S’agissant de l’assignation en intervention forcée de la société Cabinet Chretien et de la société Galian Assurances par acte du 1er octobre 2020, postérieure donc à l’entrée en vigueur de la nouvelle rédaction de l’article 18-2 transférant les pouvoirs dévolus par cet article au président du tribunal judiciaire statuant en référé, elle ne saurait avoir régularisé l’action initiale.
En effet, aux termes de l’article 63 du code de procédure civile, l’intervention constitue une demande incidente et conformément à l’article 66 du même code, l’intervention forcée a pour objet de rendre un tiers partie au procès engagé entre les parties originaires, de sorte qu’elle n’entraîne pas la création d’une nouvelle instance et suit le sort de l’instance primitive.

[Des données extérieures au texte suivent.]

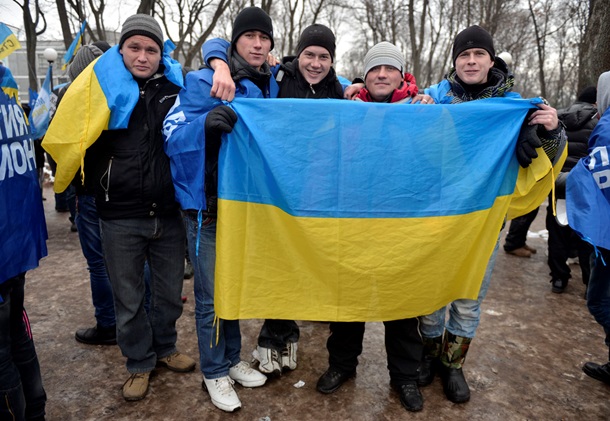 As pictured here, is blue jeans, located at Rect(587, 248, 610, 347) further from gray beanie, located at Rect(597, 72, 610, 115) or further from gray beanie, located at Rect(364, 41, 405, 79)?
gray beanie, located at Rect(364, 41, 405, 79)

Le premier juge, juge des référés, ne pouvait ainsi suppléer à l’erreur de la société Cofegi Gestion et du syndicat des copropriétaires en statuant comme il l’a fait sur leur demande sur le fondement de l’article 18-2 de la loi du 10 juillet 1965 dans sa version antérieure au 1er juillet 2020 seule applicable au litige, se conférant des pouvoirs dont il ne disposait pas.
Par suite et par voie d’infirmation il convient de déclarer irrecevables les demandes de communication de pièces formées par la société Cofegi Gestion et le syndicat des copropriétaires sans qu’il n’y ait lieu toutefois de prononcer la nullité de l’ordonnance contestée.
Toutefois, il sera relevé que c’est sans être critiqué à hauteur de cour que le premier juge a statué sur les demandes de provisions, en se fondant sur les dispositions de l’article 835 du code de procédure civile, de sorte que la recevabilité des demandes de provision ne fait pas débat.
Sur la qualité à défendre des société Foncia Agence Centrale et Cabinet Chretien :
Les sociétés Foncia Agence Centrale et Cabinet Chretien soulèvent ensuite leur défaut de qualité à défendre sur les demandes des requérants afférentes à la remise des archives et à la comptabilité de la copropriété, outre des prétendus manquements du syndic.
Elles font valoir que la société Foncia Agence Centrale n’a jamais été le syndic de la copropriété, ce que le juge des référés a reconnu, et que si la société Cabinet Chretien n’a pas déféré à la sommation de communiquer la délégation de gestion qui aurait habilité la société Foncia Agence Centrale à signer le procès-verbal de l’assemblée générale du 13 mai 2019, c’est uniquement parce qu’il s’agit d’une erreur de tampon, rappelant que la société Foncia Agence Centrale est porteuse de parts du Cabinet Chretien.
Elles prétendent que c’est bien ce dernier qui était présent au cours de l’assemblée générale et qui a signé le procès-verbal.
S’agissant de la société Cabinet Chretien, elles considèrent qu’il n’a pas qualité à défendre s’agissant d’une demande de condamnation au titre de charges qui n’ont pas été versées à l’Urssaf, dont seul le
syndicat des copropriétaires est redevable.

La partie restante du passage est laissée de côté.